# New Photoshop



## James (Jul 17, 2006)

Anyone using CS4 yet? I am on the portable version, very stable. Love the internet


----------



## in_denial (Aug 3, 2005)

not yet; still on CS2 - what is 'portable'? something to do with the licensing?

cheers,

Tim


----------



## James (Jul 17, 2006)

It means it runs without installing and can be moved anywhere like to a USB drive and so on


----------



## Chally2 (Jul 11, 2008)

I'm still using PSP7 and Office 2000, on WinXP of course. 

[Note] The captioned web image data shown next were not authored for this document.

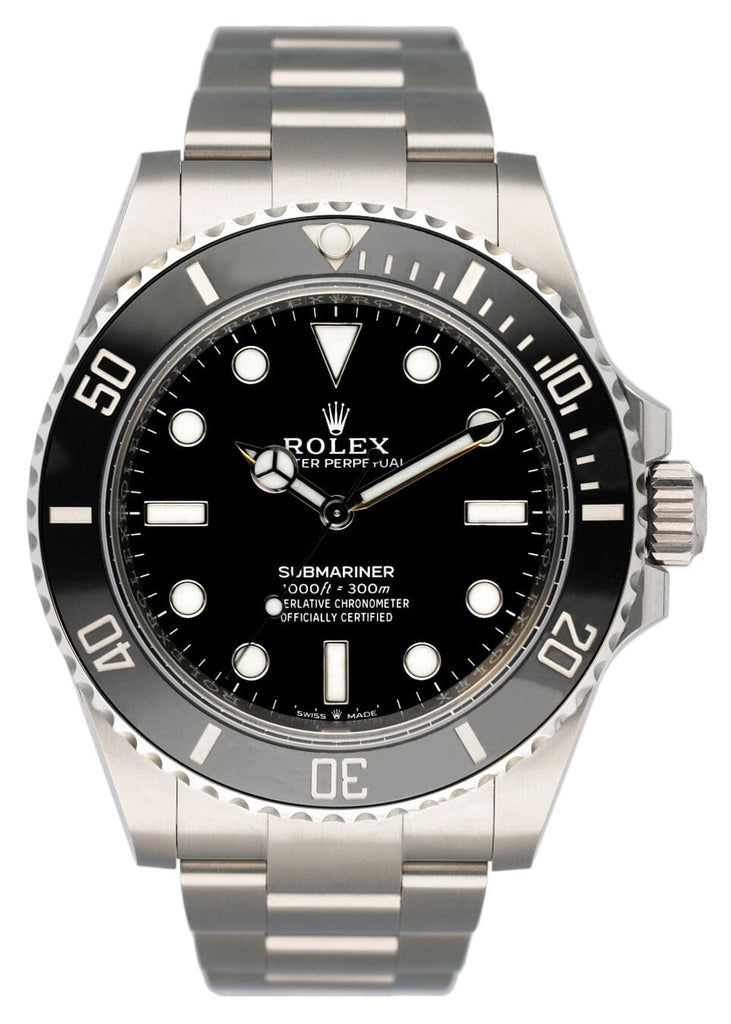 Rolex Submariner 124060 Mens Watch Box Papers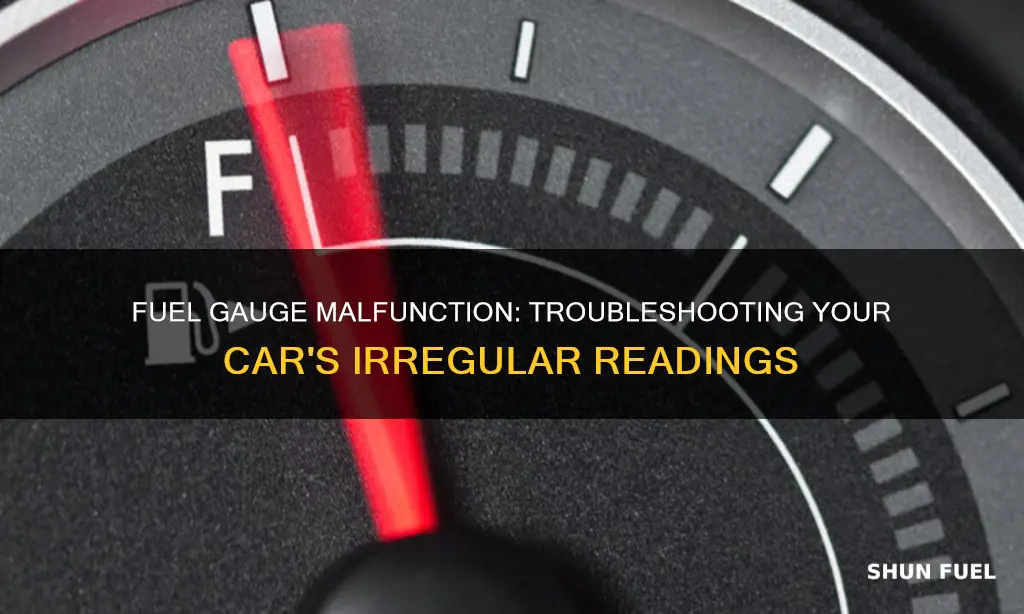 why is my fuel gage irradiact on my car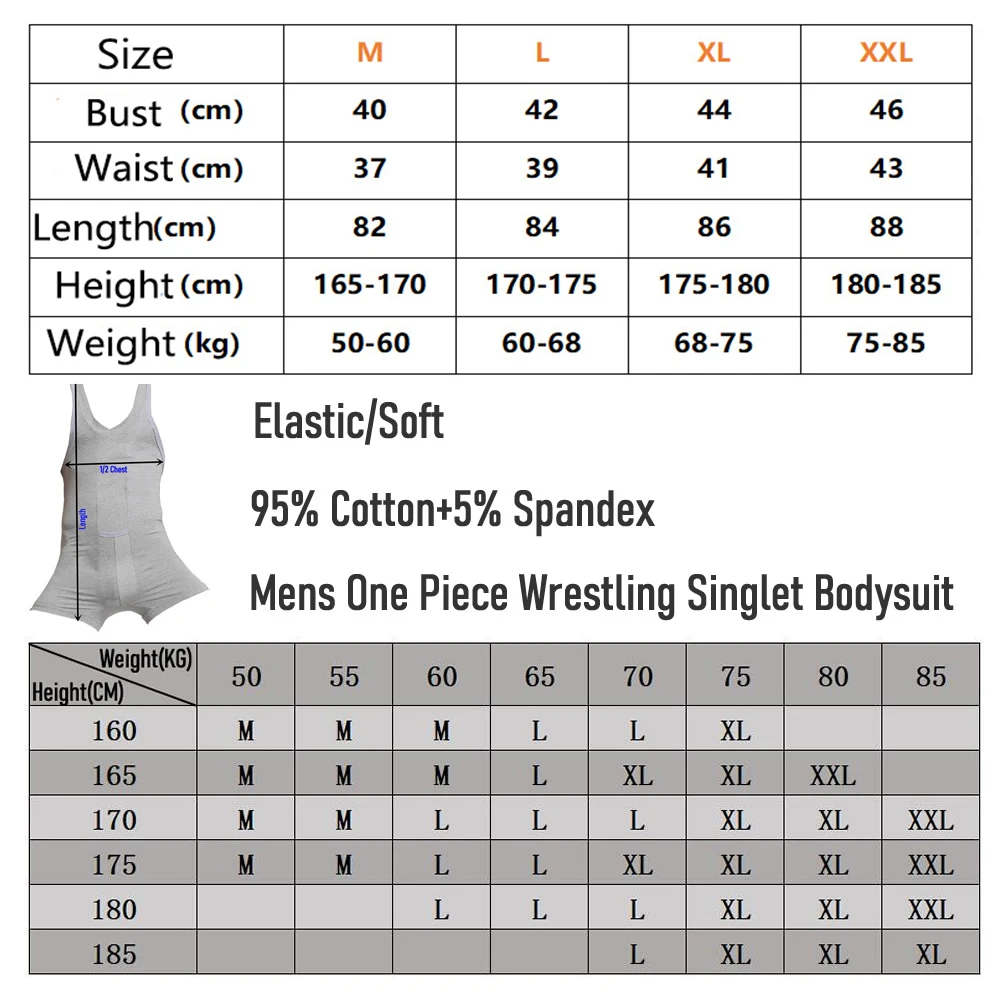 YUFEIDA Mens Undershirts Sexy Bodysuits Breathable Men Leotard Body Building Boxershorts Singlet Underwear Shapewear Jumpsuits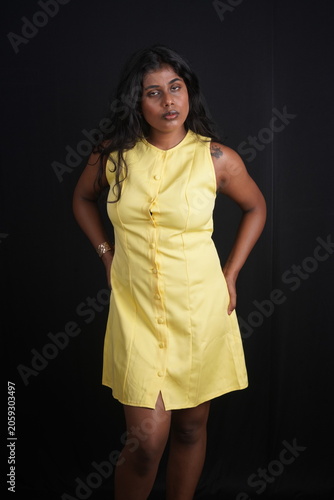 Beauty Portrait of Dusky-Skinned Woman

I guess I'm just a dinosaur? :tongue2:


----------



## martinus_scriblerus (Sep 29, 2008)

Chally2 said:


> I'm still using PSP7 and Office 2000, on WinXP of course.
> 
> I guess I'm just a dinosaur? :tongue2:


Now if you were using DOS and Wordstar that would truly make you a dinosaur (remember dot commands?). I can't even remember what was before Lotus 123. Was it Visicalc?


----------



## adrian (May 23, 2004)

I'm using Vista with Office home&Student 2007 (e.g. $700+ worth of license). Few days ago Microzzzoft announced un-ceremoniously they will completely drop Vista. B) I'm about to become a dinosaur myself. B) Whaddaya know, eh? :lol:


----------



## adrian (May 23, 2004)

James said:


> Anyone using CS4 yet? I am on the portable version, very stable. Love the internet


I'm using the CS3 at school. Didn't got into animation/video editing yet.


----------



## bunchie32 (Jun 27, 2008)

still on cs3 here.

it's not worth the outlay to upgrade for me yet. plus, i use illustrator a lot more than PS.


----------



## bunchie32 (Jun 27, 2008)

potz said:


> Don't use PS anymore. Way too expensive. Gimp is the business and it's free.


so is photoshop.........


----------



## Boxbrownie (Aug 11, 2005)

Still using CS2 here at work and home, but have a version of CS3 on my USB stick which runs on any comp its plugged into...so I guess thats the same? Must admit though from my experience of CS3 and what I have read of CS4 there just isn't the justification to upgrade from CS2......hells bells I know a couple of pro's who use elements at home :lol:

I think its much the same as the PC vs MAC debate in "arty" circles or indeed VW vs SKODA :lol: they all do exactly the same job but one looks different from t'other.


----------